In SageMaker terminology, each input data set is a "channel" and we can name them however we like... Just make sure you're consistent about what you call each one!

For a simple input configuration, a channel spec might just be the S3 URI of the folder. For configuring more advanced options, there's the s3_input class in the SageMaker SDK.

In [None]:
# TODO: Define your 2 data channels (train and test)
# The data can be found in: "s3://{bucket_name}/mnist/training" and "s3://{bucket_name}/mnist/testing"
# We can use either the s3_input (which gives us additional configuration options), or a plain string:


## Algorithm ("Estimator") Configuration and Run
Instead of loading and fitting this data here in the notebook, we'll be creating a Sklearn Estimator through the SageMaker SDK, to run the code on a separate container that can be scaled as required.

The ["Using SKlearn with the SageMaker Python SDK"](https://sagemaker.readthedocs.io/en/stable/frameworks/sklearn/using_sklearn.html#using-scikit-learn-with-the-sagemaker-python-sdk) docs give a good overview of this process. You should run your estimator in script mode (which is easier to follow than the old default legacy mode) and as Python 3.

▶️ Use the **[src/main.py file](src/main.py) already prepared for you** in your local directory as your entry point to port code into.

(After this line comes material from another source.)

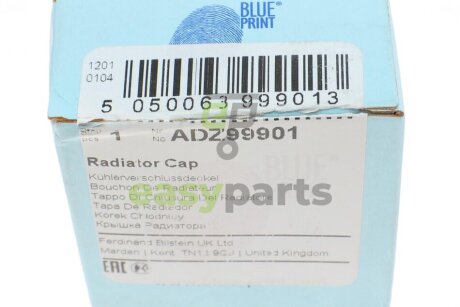 Кришка радіатора Renault Kangoo 1.5dci 03-09/Mazda 626/Honda Civic VI (1.1bar) BLUE PRINT ADZ99901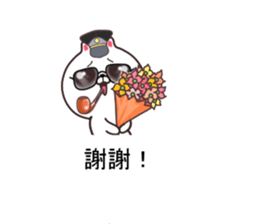 Cat soldier. sticker #11416129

This includes a basic template, but with more TODOs you'll need to fill in.

In [None]:
# TODO: Define your estimator using SKlearn framework


> ⚠️ **Before running the actual training job** on SageMaker, we suggest running your script locally using the example command below.
>
> This can help you find and fix errors faster, because you won't need to wait for the job to start up each time.

In [None]:
!python3 ./main.py --train ./data --test ./data --model-dir ./data/model --n_estimators=100 --min_samples_leaf=3

## Run the SageMaker Training Job

When you're ready to try your script in a SageMaker training job, you can call `estimator.fit(...)` as we did in previous exercises: Specifying your input data location(s).

When training is complete, the training job will automatically upload the saved model to S3 for deployment.

In [None]:
# TODO: Call the fit function, passing in the data you uploaded to S3 earlier


## Deploy and Use Your Model (Real-Time Inference)
We are now ready to deploy our model to Sagemaker hosting services and make real time predictions

In [None]:
# TODO: Deploy your trained model to a real time endpoint


Let's now send some data to our model to predict.

Note you'll need to send the correct input fields the model expects (X_test only, excluding label column), and will need to send it in a [format supported](https://sagemaker.readthedocs.io/en/stable/frameworks/sklearn/using_sklearn.html#get-predictions) by the deployed endpoint.

In [None]:
# TODO: Load some test data to test your model with, in the same format as it was trained on


In [None]:
# TODO: Invoke your endpoint and return the predictions